Gavin-gate: a sorry indictment of the Westminster bubble
The outraged response to a few sweary texts has exposed the immaturity of our political class.
Has the gap between the political and media class and the British public ever been greater? For the past few days, journalists and politicians have worked themselves up into a tizzy over Cabinet Office minister Gavin Williamson’s WhatsApp messages. That a handful of snarky texts have made headlines three days in a row would be perplexing at any time. But when people are struggling to heat their homes, when the UK is facing the prospect of power cuts this winter, with a never-ending migrant crisis and people facing life-or-death waits for ambulances, frontpage stories about Williamson’s use of the f-word feel almost otherworldly.
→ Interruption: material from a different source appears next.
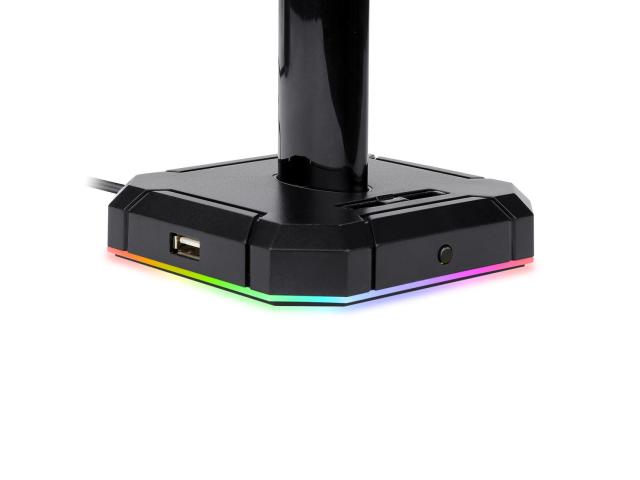 Stand casti Redragon Spectre Pro, RGB LED, Black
Sir Gavin (as we are expected to call him) stands accused of sending ‘a series of expletive-laden messages’ to Wendy Morton back in September. Morton, as the then chief whip in Liz Truss’s short-lived government, was in charge of inviting MPs to the queen’s funeral. Williamson was clearly put out at not having made the cut. He was angry that colleagues who ‘aren’t favoured [by Truss] have been excluded from the funeral’. When told that this was not the case, Williamson replied: ‘Well certainly looks it which [I] think is very shit and perception becomes reality.’
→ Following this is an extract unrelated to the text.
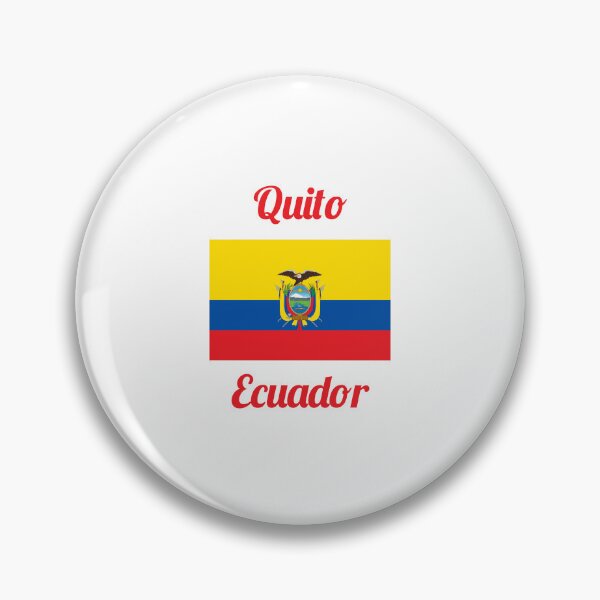Item preview, Quito Ecuador - Stylish Prints, designed and sold by Fleetwood1994.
In other messages to Morton, Williamson said: ‘You fuck us all over… there is a price for everything.’ Later on, he added: ‘Also don’t forget I know how this works so don’t puss me about.’ (My guess is that fat-fingered Gav meant ‘push’, but I might be wrong.) Each time Williamson was told he would not be attending the funeral, he pushed back: ‘It’s very clear how you are going to treat a number of us which is very stupid and you are showing fuck all interest in pulling things together.’ And so his rage continued for another three or four messages.